(dissenting).
I dissent. Appellant was on trial for murder. Our Rules of Criminal Procedure, in conformity with the legislative mandate, provide that each side in a murder trial shall have twenty peremptory challenges during the selection of a jury.1 The rule and the underlying statute allow the trial court no discretion either to raise or lower this allotment. Commonwealth v. Segers, 460 Pa. 149, 331 A.2d 462 (1975).
Despite the clear mandate of the rule, the trial court, over appellant's objection and at the request of the Commonwealth which had exhausted its peremptory challenges, granted each side two additional peremptory challenges. It attempted to justify this action by stating:
“Near the termination of the jury selection process, and admittedly at a time when the Commonwealth had exhausted its peremptory challenges, the court granted two peremptory challenges to the Commonwealth and also two additional peremptory challenges to the defense. The impelling reason for such action by the *41Court was the Court’s awareness, independently of the Commonwealth’s observations of ‘the rather odd behavior’ of two of such remaining veniremen. Bluntly, they impressed the Court as being ‘weirdos’ of the first degree and the Court felt that not only were they sublimely unfit for jury service but would also contaminate any jury of which they were a part. Several alternatives for dealing with this situation were available but the Court decided upon the option of granting two additional peremptory challenges to each side.” 2
The trial court’s choice of “option” was flagrantly in error. The rules of criminal procedure provide that if a prospective juror is unqualified for some reason, either party is free to challenge for cause. Pa.R.Crim.P. 1106. The only requirement is that “cause” be shown to exist.3 The trial court’s “option” dispensed with the requirement that cause be shown on the record.

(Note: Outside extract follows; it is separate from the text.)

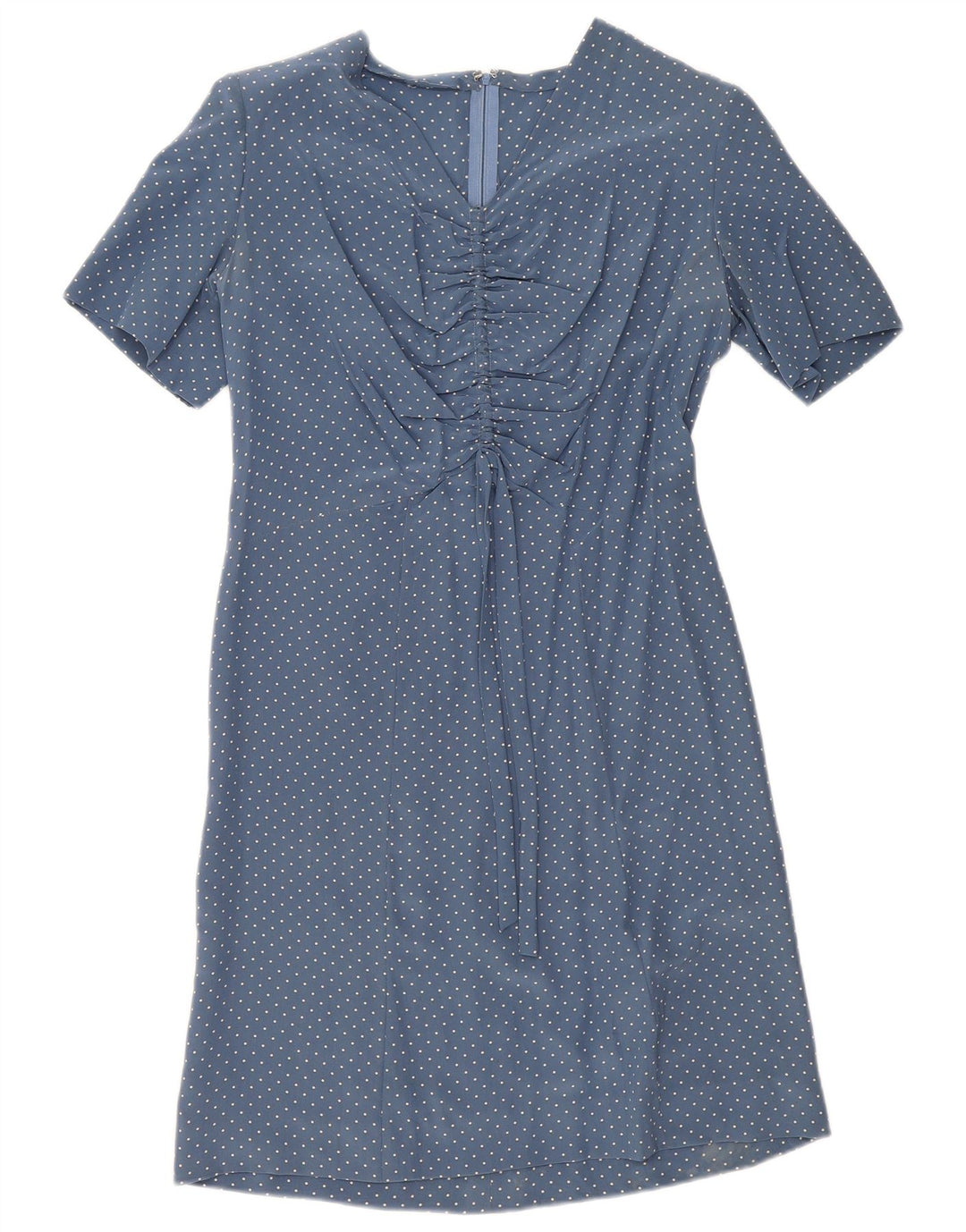 Vintage mujer A-Line vestido Reino Unido 12 azul medio manchado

If the jurors could have been challenged for cause they should have been. If they could not have been challenged for cause defendant had the right under our rules and the statutes of the Commonwealth to have them on his jury. The trial court’s “option” is a thinly veiled technique by which to give the Commonwealth sufficient peremptory challenges to get the jury it wants, despite the existence of rules and statutes designed to assure fairness in this most important aspect of trial by jury. I cannot join an order which sanctions such a result.

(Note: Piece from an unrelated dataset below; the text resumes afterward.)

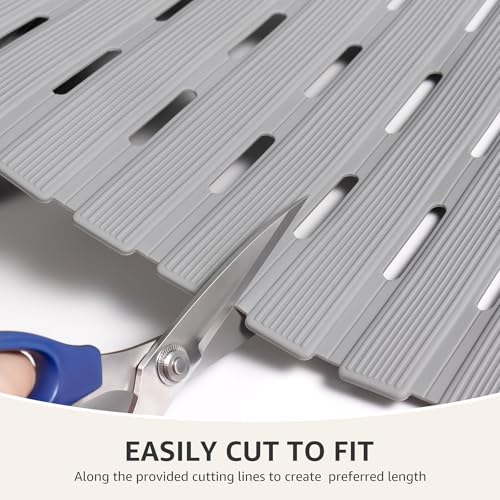 OTHWAY Non Slip Shower Mat, 36.6" x 16.9" Soft Bath Mat for Tub Non Slip, Anti Slip Shower Mat with Suction Cups, Easy to Cut Shower Floor Mat, Machine Washable Bathtub Mat, Light Grey - color: Grey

NIX and MANDERINO, JJ., join in this dissenting opinion.. See Pa.R.Crim.P. 1126; Act of March 6, 1901, P.L. 16, § 1, as amended, Act of July 9, 1901, P.L. 629, § 1, 19 P.S. § 811 (1964).

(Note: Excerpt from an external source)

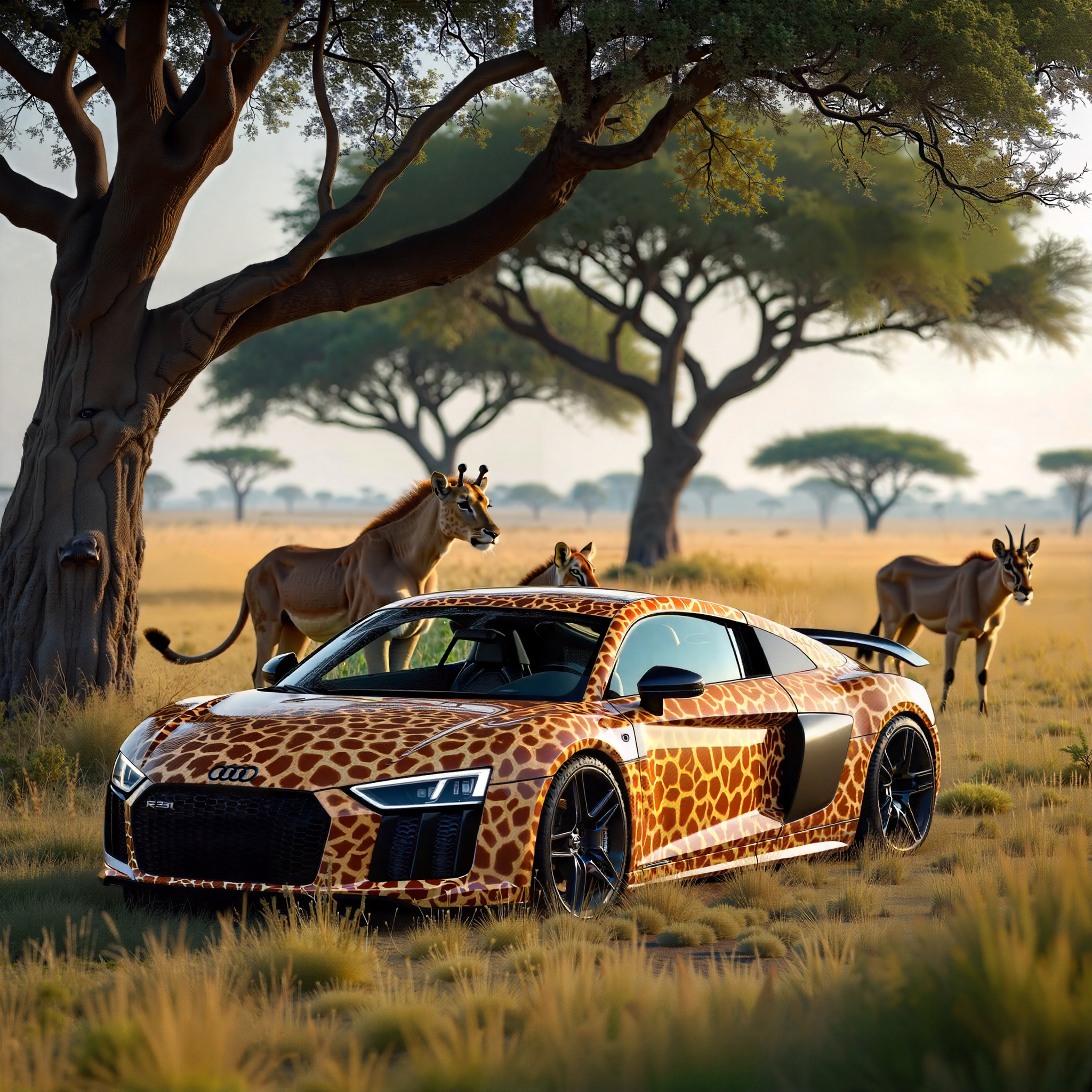 Nestled in the grasslands, an audi r8 with a sleek giraffe-printed, furry texture stands out among the towering savanah trees. Surrounding the car, a gathering of grasslands creatures such as zebra, lions, and gazelle—admire its unique appearance, blending the wild elegance of nature with modern engineering.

. Appellant indicates that the prospective jurors were acceptable to him. Because of the trial court’s violation of the rules of criminal procedure we do not know the nature of “the rather odd behavior” which formed the basis for its opinion that the two prospective jurors were “weirdos” and its decision to grant the Commonwealth two extra peremptory challenges with which to eliminate them from the jury.
. The trial court’s grant or denial of a challenge for cause will not be disturbed in the absence of an abuse of discretion. Commonwealth v. Bighum, 452 Pa. 554, 560, 307 A.2d 255, 259 (1973).